Sunday, 4 October 2009

brace face.

it seems that lately i've seen an alarming number of people my age with braces, which evokes a huge amount of pity in my heart, which makes me think of the best 7 years of my life, which makes me cringe with insecurity, which inspired this shout out to all the brace faces out there.

(i googled 'bad teeth' and had to stop eating for a minute. so forgive me if this post is somewhat imageless)

remember this thing?

like stirrups for your mouth. and the doc is STILL trying to talk to you.

remember when you came to school for the first time after getting braces?
"wait let me see!!! oh, you look so...cute!"
the lies we told in 7th grade.

there were several tooth-related experiences i endured that i would like to pay devotion to.

1. the overlapper

by this i refer to when one 'vampire tooth' begins to grow over the other, without regard for the original 'vampire's' personal space, leaving you with two of the already-ugliest teeth of them all. i know vampires are in right now, but back then edward was still a figment of stephany myer's hormonal imagination.

2. the shark tooth.

two of the bottom teeth grow in BEHIND the original four, leaving you with two rows of teeth, just like our favorite animal. this can be solved by nothing short of having them pulled.
my mom was really excited about this one and no doubt started singing a shark-related primary song.
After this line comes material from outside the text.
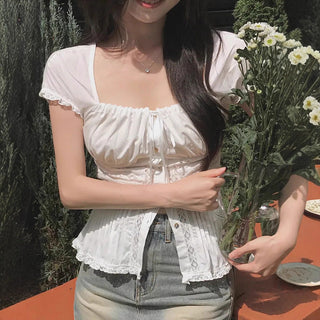square pleated top
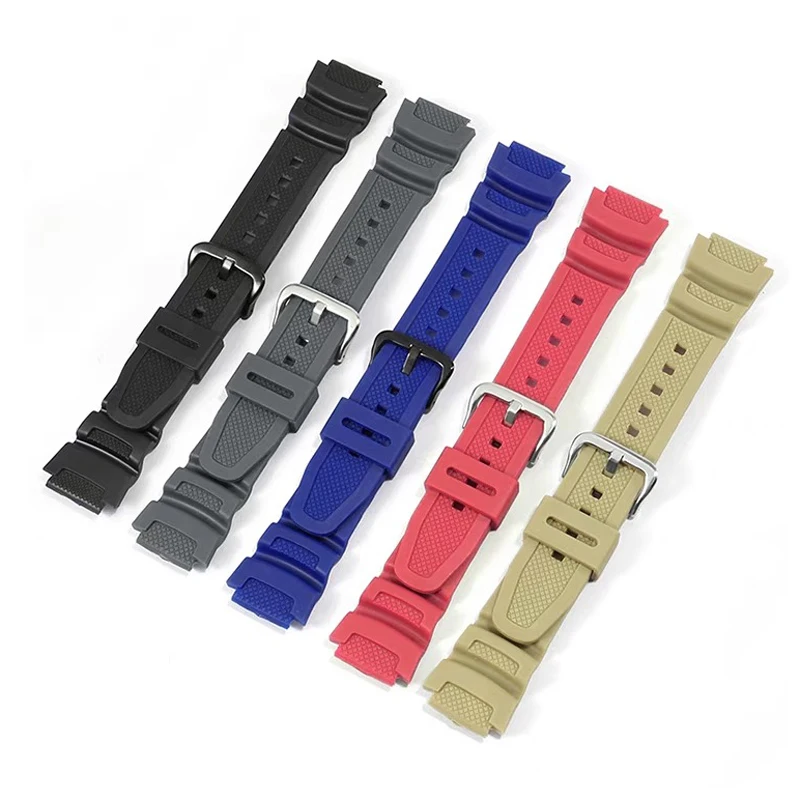 Аксессуары для ремешка для часов подходят для Casio Watch W-218h/F-108 AE1200/1000/131, силиконовый ремешок из смолы 18 мм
2. the lock and key aka HERBST

sorry michelley

this is an appliance involving two parts: giant metal plate on the roof of the mouth with 'key' for insertion. twisting key invokes large amounts of pain and does CRAZY things to your teeth. school and family pictures came at an unfortunate time that year.

3. the lip bumper

this contraption is somewhat explained in the above image. i still have no idea what it's purpose is, other than creating a cindy-lou-who effect on the wearer. i think i burned all evidence of my wearing it, but there used to be a picture on my fridge, which annie laughed at for a good 20 minutes every time she came over.

4. the 'banjo'

no torture in the history of the world can touch this. it was what inspired my nickname by the boys in my grade, BANJO. at one point i had so many rubber bands in my mouth i couldn't fit a skittle between my teeth. A SKITTLE!!!!!!!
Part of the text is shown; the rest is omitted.